6月10日にイラク北部モースルを、イスラーム主義過激派集団の「イラクとシャームのイスラーム国家(ISIS)」が掌握した。ISISの勢いは収まらず、南下して、バイジーやティクリートといったイラク中部の主要都市を制圧し、首都バグダードに迫ろうという勢いである。
2003年のイラク戦争以後、テロが止まず不安定と混乱でぐずつくイラク情勢だが、ISISの伸長が、全体構図に玉突き状に変更を迫り、周辺諸国や地域大国を巻き込んだ内戦に発展する危険性がある。
■ 「国際テロ組織」の範囲を超えた武装民兵組織
ISISは「アル・カーイダ系の国際テロ組織」と通常形容されるが、現在の活動はそのような形容の範囲を超えている。昨年3月にはシリア北部の主要都市ラッカを制圧し、今年1月にはイラク西部アンバール県のファッルージャを掌握、県都ラマーディーの多くも支配下に置いていた。

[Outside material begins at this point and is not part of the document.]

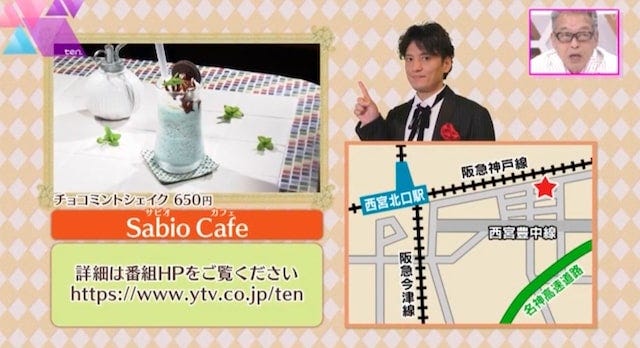 月替りの“チョコミントケーキ”も♡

確かに組織の発端はイラク戦争でフセイン政権が倒れたのちの米駐留軍に対抗する武装勢力の一つとして現れた「イラクのアル・カーイダ」だった。しかしシリア内戦への介入をめぐって、ビン・ラーディンやその後継者をもって任ずるアイマン・ザワーヒリーの「アル・カーイダ中枢」とは対立し、袂を分かっている【関連記事】。
自爆テロを多用する手法には共通している面があるが、それは手段の一部であり、領域支配といったより大きな政治的野心を持つに至っているようである。イラク北部・西部や、シリア東部での活動ではテロを実行するだけでなく、内戦・紛争の混乱状況の中とはいえ、局地的に実効支配を試みている。所在を隠したテロ集団ではなく、政治勢力の一角に場所を確保する存在となりつつある。

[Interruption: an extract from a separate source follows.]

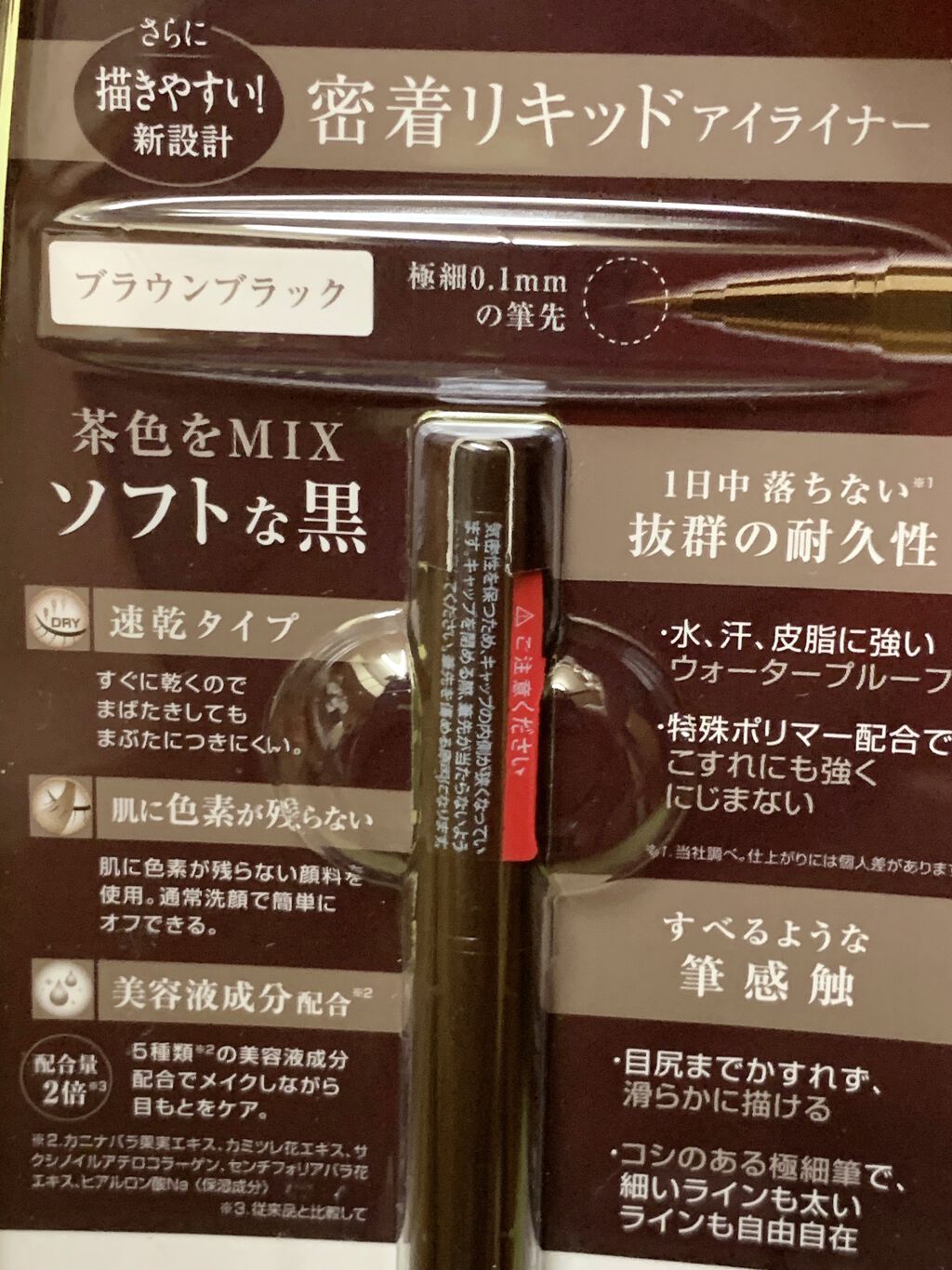 パーフェクトエクステンション マスカラ/D-UP/マスカラを使ったクチコミ（2枚目）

ISISは組織としてのアル・カーイダの中枢とは、継続性や協力関係を薄れさせているが、思想としてのアル・カーイダという意味では、「正統」な発展形態といえる。
アル・カーイダの理論家アブー・ムスアブ・アッ=スーリーは、単発のテロで国際社会を恐怖に陥れる広報・宣伝戦を行うだけでなく、アラブ諸国やイスラーム諸国の混乱が生じればより大規模に組織化・武装化して領域支配を行う聖域(これをスーリーは「開放された戦線」と呼んだ【関連記事】)を作ることを提唱していた。長引くイラクの混乱と、2011年以降の「アラブの春」は、潜在的な聖域を各地に誕生させた。ISISがイラク西部と北部の機会をつかみ、一定期間でも聖域を確立して見せれば、世界のイスラーム主義過激派の中で一気に威信を高めるだろう。

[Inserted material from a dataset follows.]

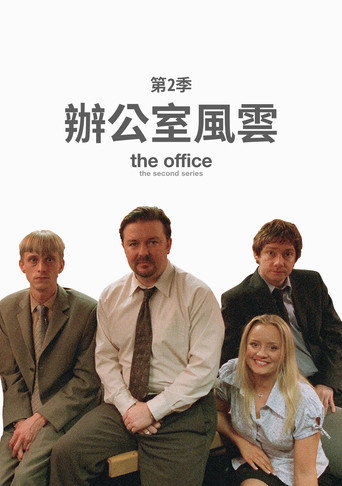 办公室风云 第 2 季海报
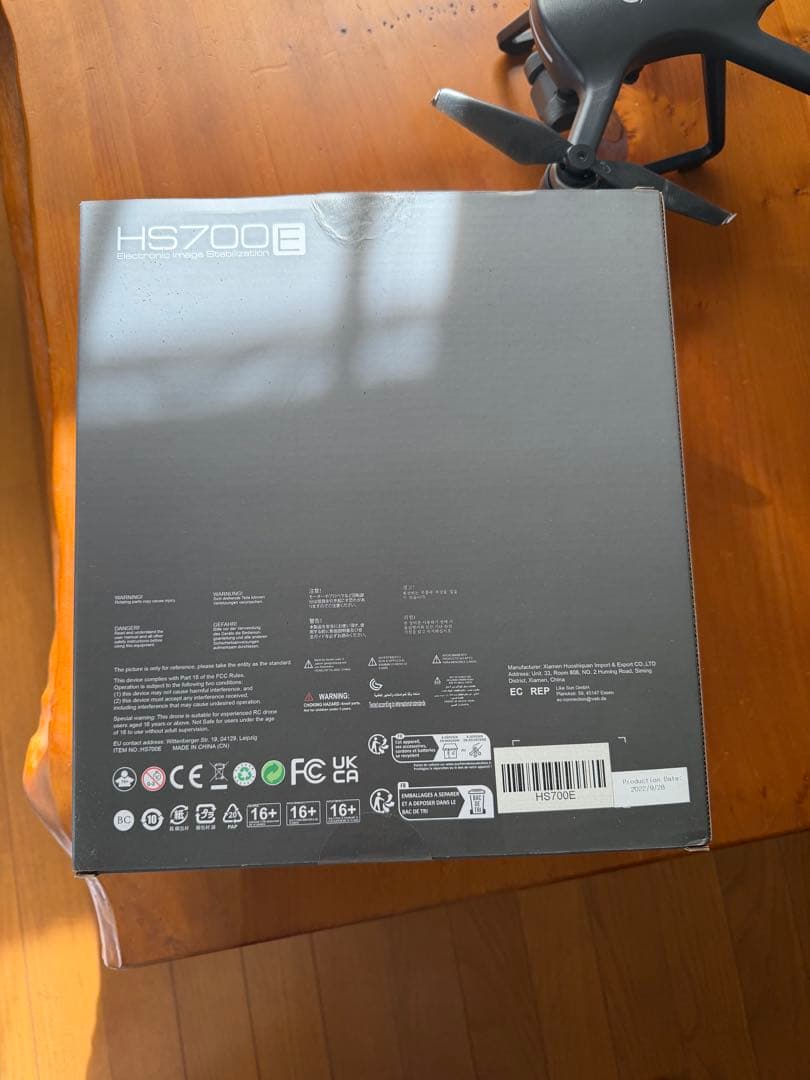 HS700E ドローン 本体 リモコン付き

また、今回のモースル占拠や各地の掌握は、ISISそのものが強大化したというよりは、イラク中央政府とマーリキー首相に対する不満・不信・敵意を募らせた各地の勢力が、ISISと呼応して膨れ上がった可能性がある。ISISがいかに戦闘能力が高いとは言っても、このような短期間でここまで組織を拡大し、版図を広げることは考えにくい。イラク中央政府への反発からISISの支配に期待する民意が急激な伸長の背後にあるのではないか。モースルをはじめ各地のイラク政府軍部隊が、司令官をはじめ平服に着替えて逃走しているところから、中央政府の求心力が軍の中でも効いていない可能性がある。
■ イラク内戦の多層的なシナリオ
イスラーム主義過激派による領域支配の出現という点だけでなく、より多方面への影響が危惧される。ISISの伸長は、イラクの諸勢力と周辺地域を巻き込んだ、幾層にも対立構図が交錯した本格的な内戦に結びつき、それをきっかけとして地域秩序の再編につながるかもしれない。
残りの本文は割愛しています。